He’s not supposed to be here.

No one’s supposed to be here.

And yet there he is; a boy just standing there, in a place he has no business - no right - to be in. Yuri’s face twists into an uglier snarl, stepping forward to the boy. Yuri’s vision is drenched in red. What is this boy doing here?! What is this boy doing in the place that Yuri holds dear?! What is he doing in the last place that still so pristinely holds Yuri’s memory of Jean?!

Those broad shoulders.

That bright grin.

Blue eyes.

Dark hair.

Gentle hands.

Jean.

His Jean.

_ “Yuri.” _

Like a wave, Yuri’s anger stalls. “How…” Yuri’s hands shake by his side, frozen midstep. “How do you know my name?”

His voice is barely a whisper. The boy is a hazy blur in his now misty gaze. 

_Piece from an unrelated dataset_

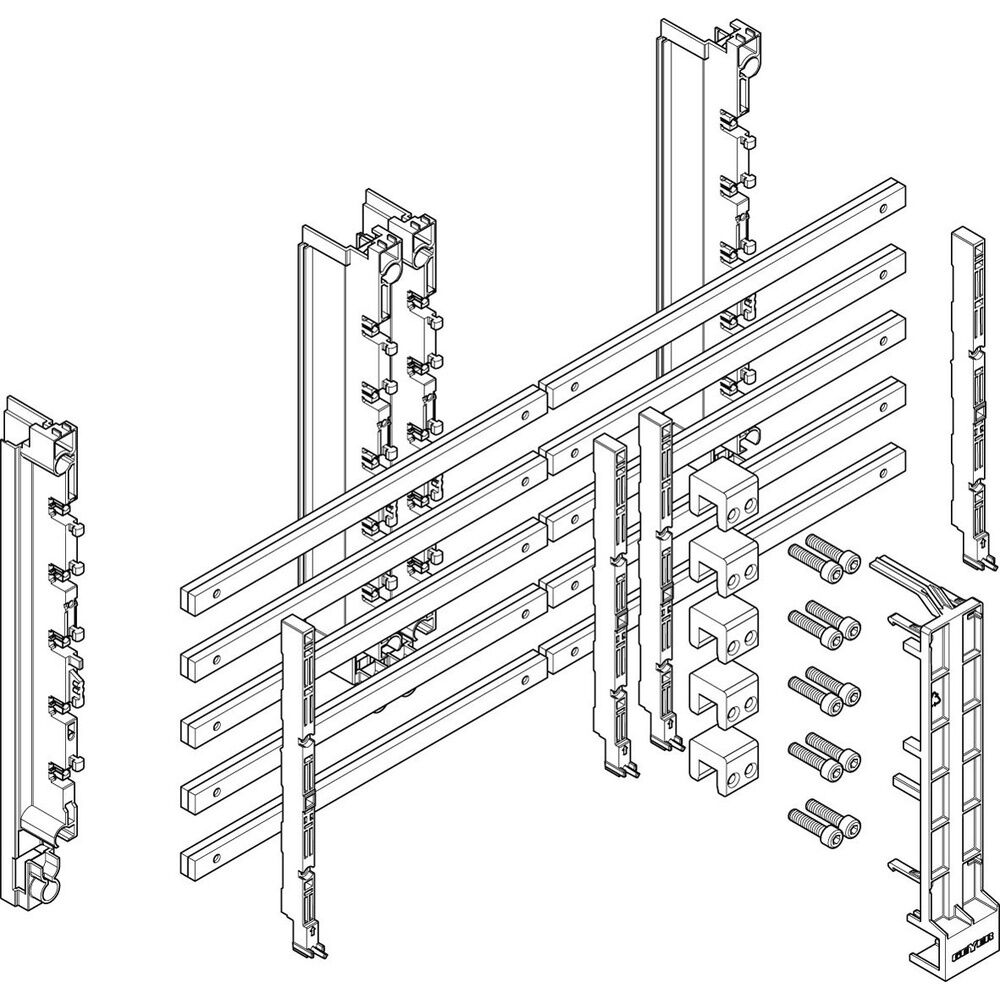 ABN Sammelschienen Verbindersatz GSV52N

“I-I…” The boy stammers, but he doesn’t look half as frantic as Yuri wants him to be. “You’re not going to believe me.”

“Try me,” Yuri glares.

The boy takes a shuddering intake of breath, closing his eyes to gather himself and the image is so familiar it lodges Yuri’s breath firmly in his throat.

“I…” The boy’s eyes are just as blue; his hair is just as black. Just a kid, but everything is almost exactly the same. “I remember you didn’t believe in life after death or in reincarnation, but--”

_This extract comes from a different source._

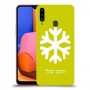 שלג כיסוי מגן קשיח בעיצוב אישי עם השם שלך ל Samsung Galaxy A20s יחידה אחת סקרין מובייל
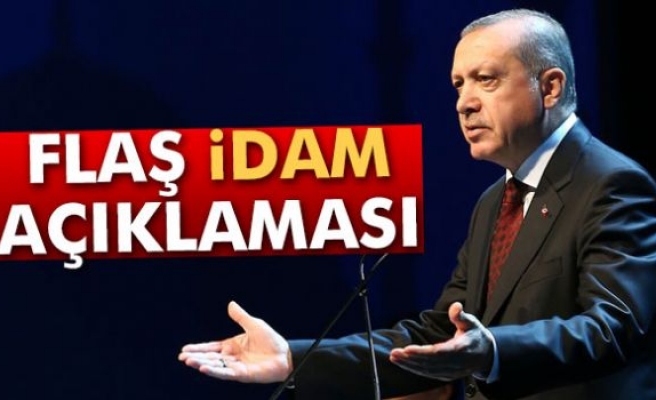 Cumhurbaşkanı Erdoğan’dan ’idam isteriz’ sloganına cevap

“You can’t…” Yuri whispers, but the boy looks back at him with a fondness and patience in his eyes that Yuri is familiar with, but has long forgotten. “JJ’s...JJ’s dead! I...I buried h-him! Th-This is a really fucked up prank, kid!”

The boy immediately holds his hands up, palms facing Yuri, a frantic expression on his face and Yuri feels his heart leap at the familiarity of it all. He’s just a kid - just some random boy he’s never met

“I--No! It’s not a prank!” The boy waves his hands in front of his chest. “That’s too cruel! I could never do something so mean to my Prima!”   
  
Everything comes to a screeching halt.   
  
“What...did you just fucking call me?” Yuri approaches the boy, emotions a mix of enraged, curious, and a touch of apprehensive hope. “How...How the fuck do you know that?”   
  
“I would never lie to you.” The boy lifts a hand as if to touch Yuri, but he brings it back down. “I could never lie to you, my Prima.”   
  
Yuri’s voice gets stuck in his throat and he falls to his knees in front of the boy. This can’t be.   
  
“JJ? ….Jean?”

**Author's Note:**

> SO, YES. THIS IS FOR THE YOI SHITBANG. BUT IT'S EXCRUCIATINGLY LATE AND VERY MUCH THE FIRST PART OF A STILL INCOMPLETE SERIES.
> 
> I will work my butt off to get it done as soon as I can!
> 
> In the meantime, please leave a comment, if you'd like!


End file.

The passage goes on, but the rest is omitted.